_Problem statement_: The reply must repeat the listing below exactly and carry none of its pictures.

_Recorded information_:
=== Section Start ===
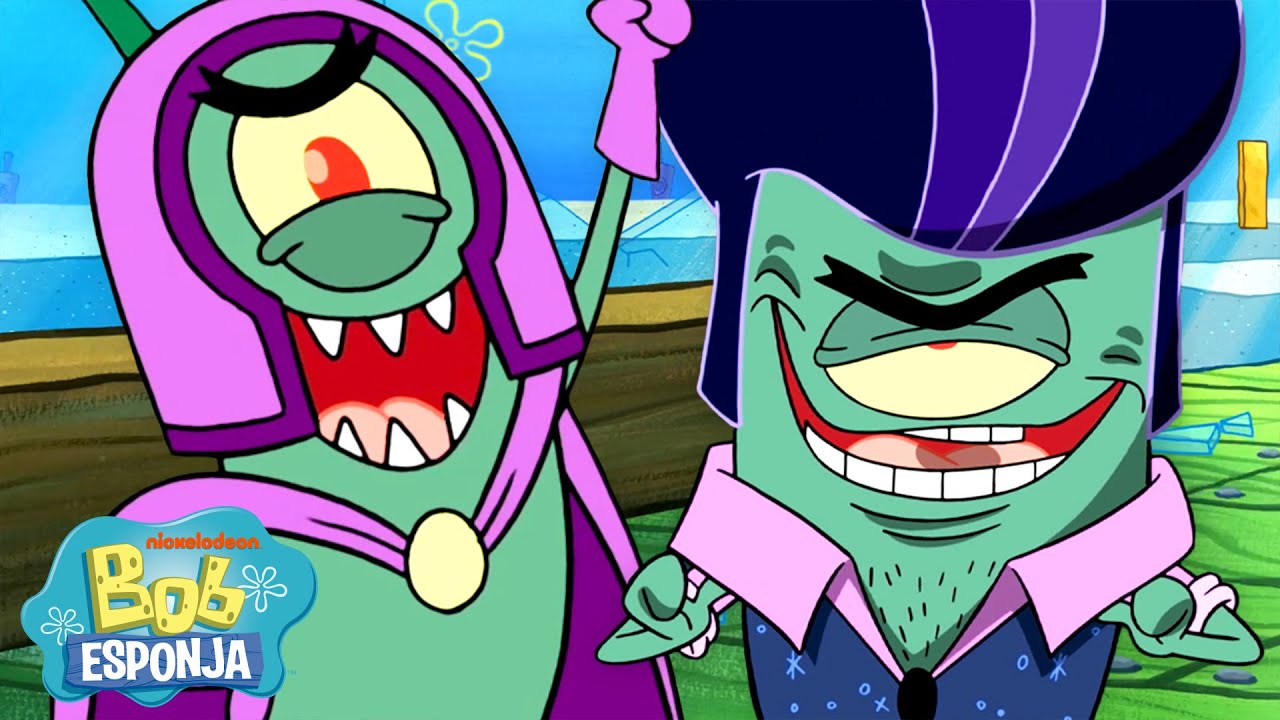 2025 segundos de Plankton siendo… Plankton 👁️ | Bob Esponja en Español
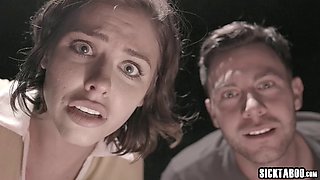 Sexy teen and her partner taken by aliens for foursome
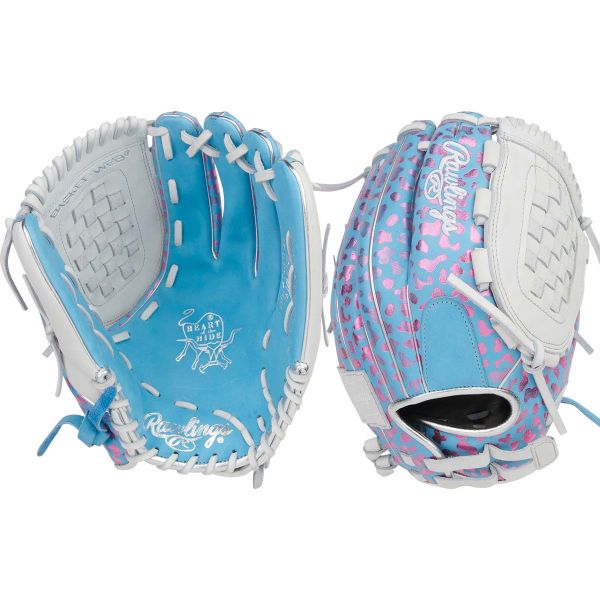 Rawlings 12.5" Heart of the Hide Basket Web Fastpitch Softball Glove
=== Section End ===
_Answer to the problem_:
 2025 segundos de Plankton siendo… Plankton 👁️ | Bob Esponja en Español
 Sexy teen and her partner taken by aliens for foursome
 Rawlings 12.5" Heart of the Hide Basket Web Fastpitch Softball Glove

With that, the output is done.